As autoridades brasileiras anfitriãs do evento tentaram concentrar as conversas na cooperação econômica para lidar com questões como mudança climática e pobreza, mas países como a Alemanha pressionaram por uma declaração conjunta que mencionasse as guerras na Ucrânia e em Gaza.
O ministro das Finanças da Alemanha, Christian Lindner, insistiu que não poderia haver negócios como de costume, pois havia uma guerra contra a Ucrânia, o "terror" do Hamas e uma situação humanitária em Gaza.
"Tudo isso não pode nos deixar indiferentes, tudo isso deve ser discutido aqui", disse ele aos repórteres.
APOIO À AGENDA SOBRE DESIGUALDADE
Embora essas tensões tenham pairado sobre a reunião em São Paulo, Achim Steiner, chefe do Programa das Nações Unidas para o Desenvolvimento (Pnud), considerou o início da presidência do Brasil este ano como um sucesso, uma vez que a única contenda do segundo dia de conversações sobre a vertente financeira foi "por causa de algumas palavras" numa declaração conjunta.
"O Brasil estabeleceu prioridades claras, por exemplo, com a sua proposta fiscal", disse Steiner à Reuters nesta quinta-feira.
Como parte dos esforços para combater a desigualdade, o Brasil propôs debates sobre um imposto global mínimo sobre a riqueza que garantiria o aumento das contribuições tributárias dos super-ricos.
"Mesmo com taxas de imposto ligeiramente mais elevadas para os cerca de 2.500 bilionários de todo o mundo, poderiam ser geradas receitas adicionais muito consideráveis", afirmou.
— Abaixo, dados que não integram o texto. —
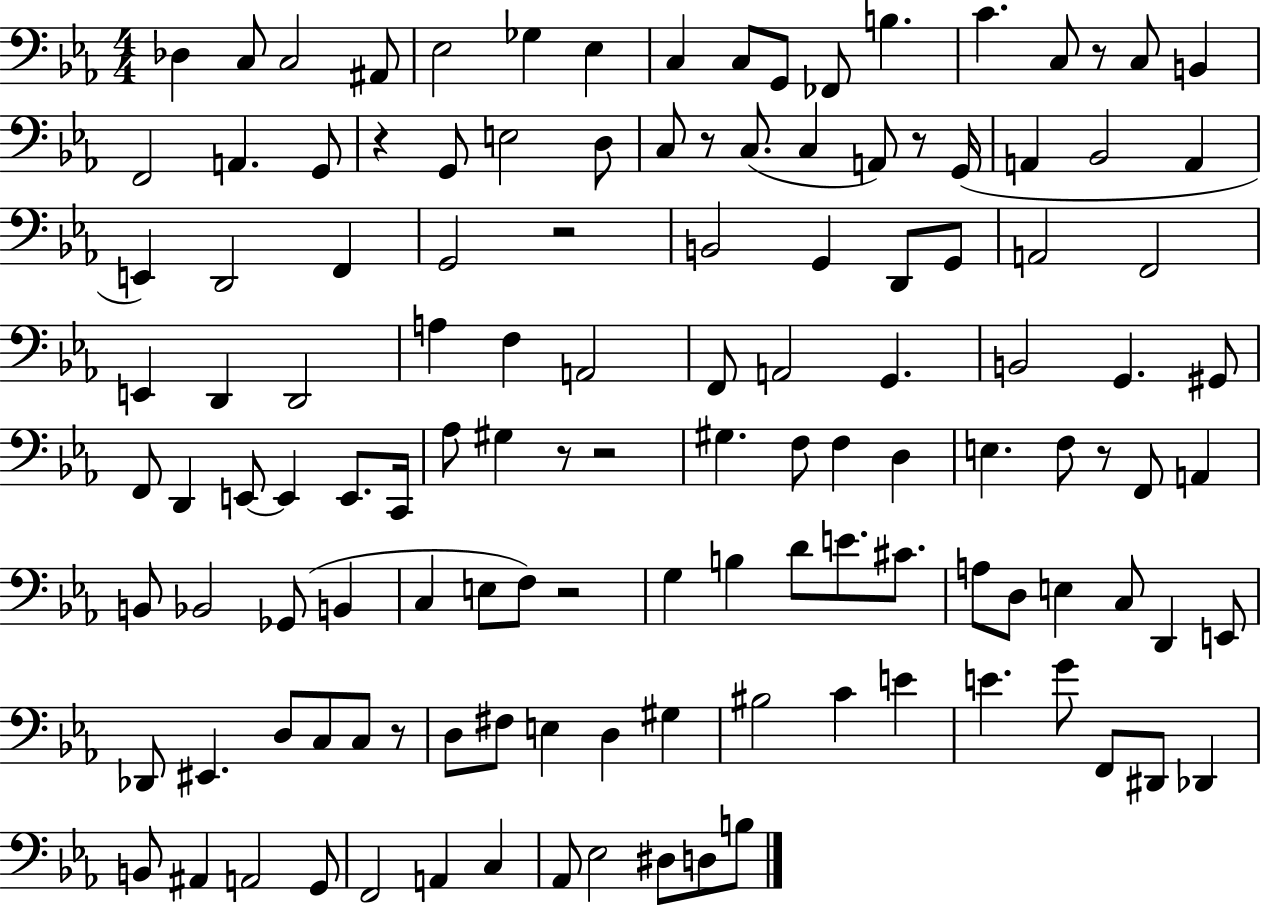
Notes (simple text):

Db3/q C3/e C3/h A#2/e Eb3/h Gb3/q Eb3/q C3/q C3/e G2/e FES2/e B3/q. C4/q. C3/e R/e C3/e B2/q F2/h A2/q. G2/e R/q G2/e E3/h D3/e C3/e R/e C3/e. C3/q A2/e R/e G2/s A2/q Bb2/h A2/q E2/q D2/h F2/q G2/h R/h B2/h G2/q D2/e G2/e A2/h F2/h E2/q D2/q D2/h A3/q F3/q A2/h F2/e A2/h G2/q. B2/h G2/q. G#2/e F2/e D2/q E2/e E2/q E2/e. C2/s Ab3/e G#3/q R/e R/h G#3/q. F3/e F3/q D3/q E3/q. F3/e R/e F2/e A2/q B2/e Bb2/h Gb2/e B2/q C3/q E3/e F3/e R/h G3/q B3/q D4/e E4/e. C#4/e. A3/e D3/e E3/q C3/e D2/q E2/e Db2/e EIS2/q. D3/e C3/e C3/e R/e D3/e F#3/e E3/q D3/q G#3/q BIS3/h C4/q E4/q E4/q. G4/e F2/e D#2/e Db2/q B2/e A#2/q A2/h G2/e F2/h A2/q C3/q Ab2/e Eb3/h D#3/e D3/e B3/e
A presidência brasileira do G20 também tem como objetivo elaborar uma declaração sobre tributação internacional até a reunião de julho do grupo, disse o ministro da Fazenda, Fernando Haddad, nesta quinta-feira, reiterando um pedido de soluções para garantir o aumento das contribuições tributárias dos super-ricos.
Diagnosticado com Covid-19 no início desta semana, Haddad decidiu participar presencialmente do último dia de reuniões após realizar dois testes de Covid com resultado negativo. Na quarta-feira, primeiro dia do encontro, a participação do ministro havia sido virtual.
Ele já havia anunciado na quarta que o Brasil proporia debates sobre um imposto global mínimo sobre a riqueza, potencialmente adicionando outra dimensão à cooperação tributária internacional.
O ministro das Finanças francês, Bruno Le Maire, manifestou o seu apoio na quarta-feira a um imposto mínimo global sobre os super-ricos do mundo.
O representante do Japão, Kanda, que está participando nas conversações do G20 em nome do ministro das Finanças do país, disse que o grupo apoiou amplamente a proposta do Brasil de destacar as medidas para combater a desigualdade como a agenda principal deste ano.